Elgarat’s sister, Rachel Dancyg, who survived the October 7 attack on Nir Oz, said she had truly believed her brother would return alive. Instead, she described the horrors he endured while in captivity.
“They tortured you, they starved you, and you died in unimaginable agony,” she said.
“We failed to save you and our friends. We failed to fight against an opaque, smug, and evil government.”
Hostage Families Confront Netanyahu
The Israeli prime minister, speaking in parliament on Monday, was met with boos from relatives of other hostages who have accused him of sacrificing their loved ones for political gain. Daniel Elgarat lamented what he saw as a betrayal of fundamental Israeli values.
“The value of mutual responsibility and the value of life in Israeli society—values that distinguished us from our enemies—are gone,” he said.
“It was the end of the state that did not fulfil its duty, that stood by while your life was in danger. It abandoned you to die in the hands of Hamas.”
Elgarat, who had spent 12 years in Denmark where his two children live, was one of 251 hostages taken during the October 7 attack. According to Israeli authorities, 58 remain in Gaza, including 34 whom the military believes are dead.

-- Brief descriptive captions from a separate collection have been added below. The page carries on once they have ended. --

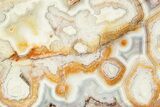 Polished Crazy Lace Agate Section - Mexico #323873-1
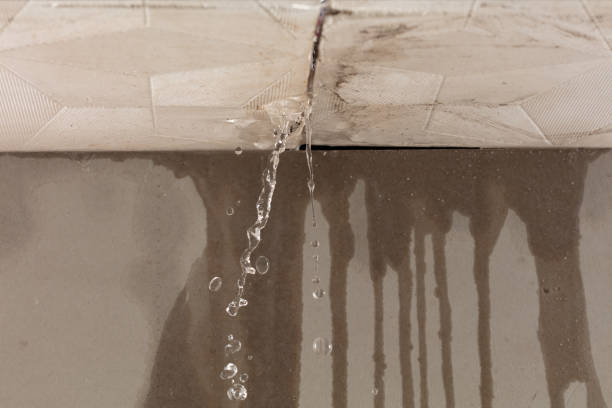 Professional Structural Drying technician working in Sparta, WI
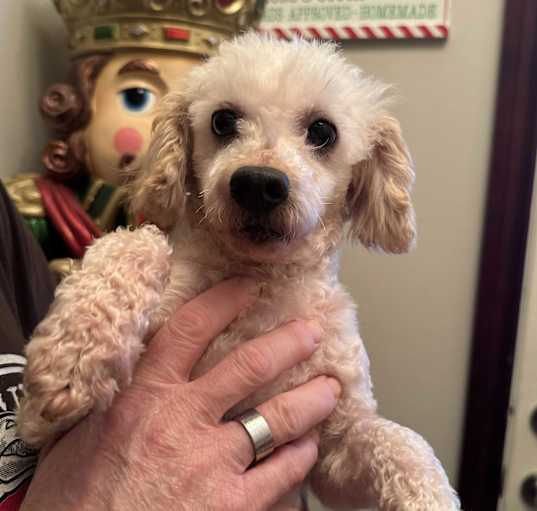 Photo of Curly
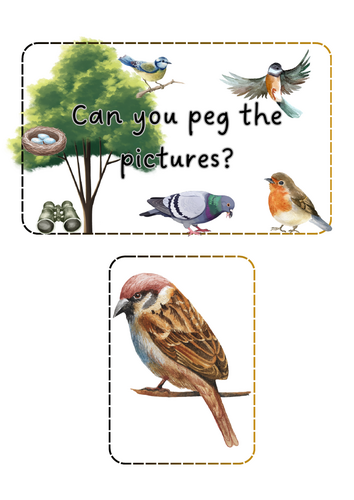 Big Bird Watch - Peg the pictures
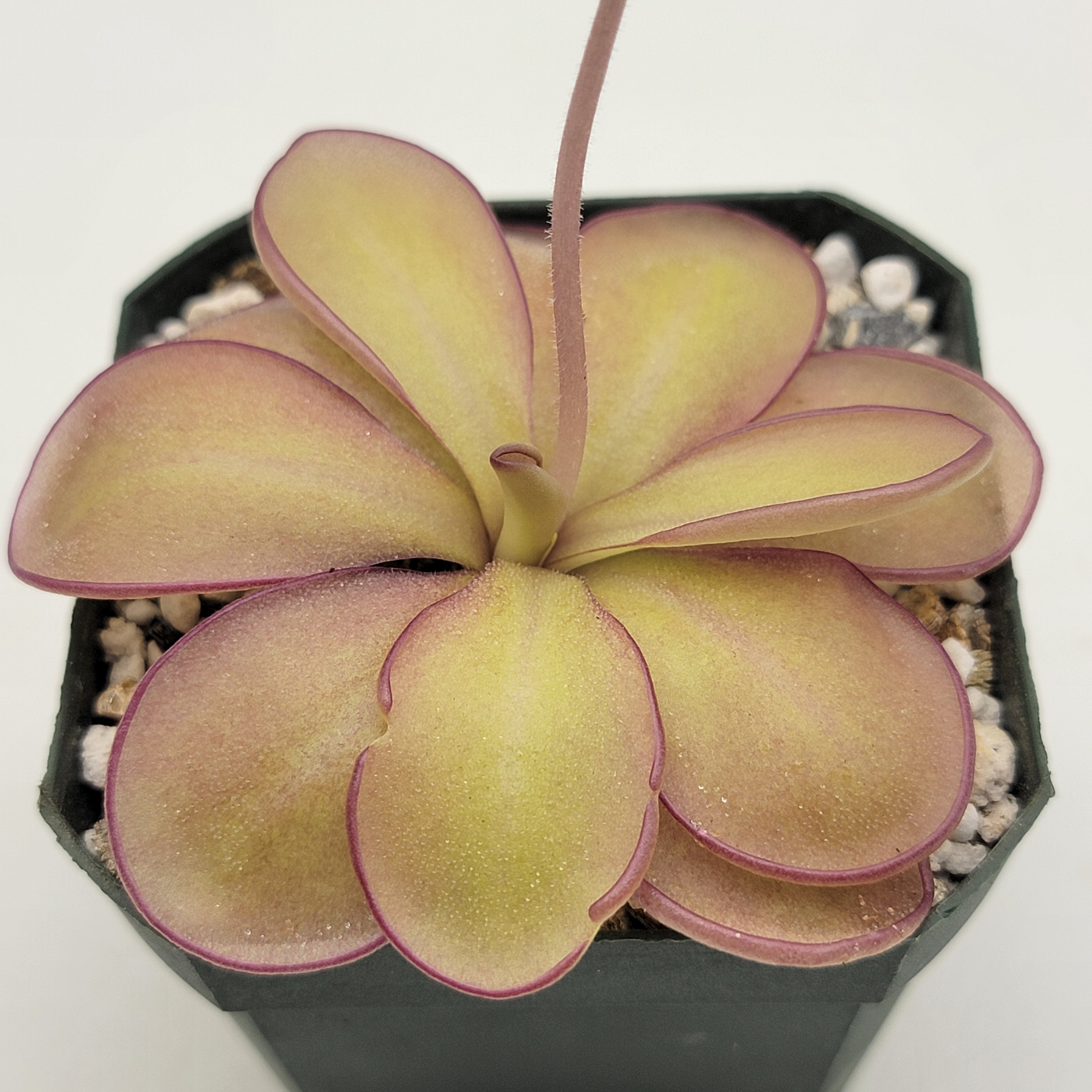 Pinguicula agnata "Scented Flower" x (laueana CP2 x emarginata)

Netanyahu warned on Monday that Hamas would face consequences it “cannot imagine” if it does not release the remaining captives.
During the first phase of the Gaza truce, 25 living Israeli hostages were freed in exchange for around 1,800 Palestinians held in Israeli custody without fair trial, alongside the return of Elgarat’s remains and those of seven other hostages.